In this guest post, Ryan Radia, an information policy analyst at the Competitive Enterprise Institute, argues that the privacy concerns raised by the settlement are not convincing.
Wonder why practically every student today uses Gmail, YouTube, or some other Google service? Chances are it’s because they’re free. Designing and running these services, however, is not.
So how does Google make enough money to fund its services when it doesn’t charge the vast majority of its users? Simple: Advertising, which accounts for 99% of Google’s revenue.
Online ads can be annoying – we’ve all encountered obtrusive pop-ups – but they play a crucial role in online commerce. In 2008, advertisers spent over $23 billion on Web ads. It’s no secret why so many firms buy ads – done properly, advertising can build brand reputation, spur sales, and inform potential customers. But perhaps the best part about advertising is that it sustains free Web services.
Google Book Search is no exception. While Google would sell digital books under the proposed settlement it’s reached with authors and publishers, advertising would still likely generate a large share of revenue for Google Books.
This is great news for authors and readers alike.

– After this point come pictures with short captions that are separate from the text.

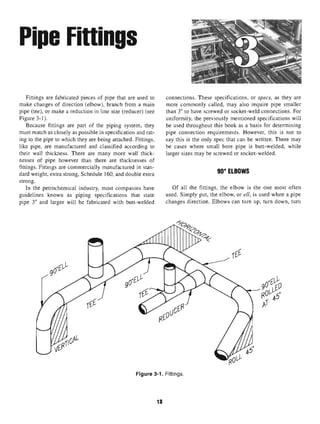 Pipe Fittings
Fittings are fabricated pieces of pipe that are used to connections. These specifications, or specs, as they are
make changes of direction (elbow), branch from a main more commonly called, may also require pipe smaller
pipe (tee), or make a reduction in line size (reducer) (see than 3" to have screwed or socket-weld connections. For
Figure 3-1). uniformity, the previously mentioned specifications will
Because fittings are part of the piping system, they be used throughout this book as a basis for determining
must match as closely as possible in specification and rat- pipe connection requirements. However, this is not to
ing to the pipe to which they are being attached. Fittings, say this is the only spec that can be written. There may
like pipe, are manufactured and classified according to be cases where small bore pipe is butt-welded, while
their wall thickness. There are many more wall thick- larger sizes may be screwed or socket-welded,
nesses of pipe however than there are thicknesses of
fittings. Fittings are commercially manufactured in stan- oniuc
dard weight, extra strong, Schedule 160, and double extra tLBUWo
strong.
In the petrochemical industry, most companies have Of all the fittings, the elbow is the one most often
guidelines known as piping specifications that state used. Simply put, the elbow, or ell, is used when a pipe
pipe 3" and larger will be fabricated with butt-welded changes direction. Elbows can turn up, turn down, turn
Figure 3-1. Fittings.
13
 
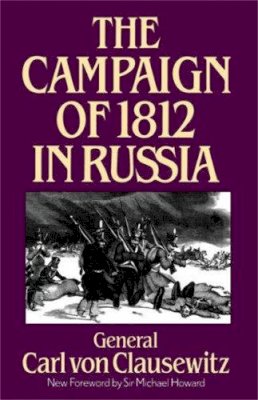 Carl Von Clausewitz - The Campaign Of 1812 In Russia - 9780306806506 - V9780306806506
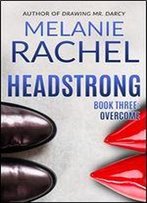 Headstrong: Book Three: Overcome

Authors would earn the majority of ad revenues (63%, according to the latest version of the settlement). Users would also benefit, because the Google Book deal would allow anybody in the U.S. to freely search and browse tens of millions of currently unavailable books.
Yet not everyone is happy about the deal. The Electronic Frontier Foundation, ACLU, and others have called for strict limits on the data Google may collect from Book Search users. The groups argue that storing detailed information about what books individuals read and purchase would violate readers’ privacy.
These groups forget that data collection and strong privacy protections can and do coexist. Amazon’s Kindle, a portable reading device that has sold millions of digital books, stores extensive data on its users. ACLU and EFF haven’t identified a single actual harm that’s resulted from a breach involving Kindle, or any other digital book service for that matter.
Google’s business depends on user trust, so it has a huge incentive to keep user data as safe as possible.
Google’s critics should turn their attention to the real privacy threat: Government. To date, courts have refused to apply Fourth Amendment protections to data stored with “cloud” services like Google’s. Thus, a mere subpoena – civil or criminal – is all it takes to force Google to disclose user information to the feds.
ACLU and EFF argue that limiting Google’s data collection reduces the chances that courts will get a hold of personal data. Fair enough. But limiting data collection has serious downsides. Without individualized data, advertisers cannot target ads, meaning users are far more likely to see “dumb” ads. Because users don’t click on these ads as often, advertisers earn less revenue, and authors earn less money. Worse, dumb ads undercut Google’s revenue, reducing its incentive to invest in scanning orphan works.
Limiting government’s power to obtain personal data is a far better solution to privacy concerns than saddling Google with onerous data collection limits.
For its part, Google could help further privacy without endangering advertising by disclosing how many “enforceable requests” for user data it receives, and explaining how it decides whether to challenge court orders that demand user information.
Moreover, concerned users can always adopt privacy-enhancing technologies that protect anonymity and limit data collection on an individualized basis. And traditional libraries, which offer strong privacy protections, aren’t going anywhere.
But let’s not forget that the real privacy violator is the government, not Google.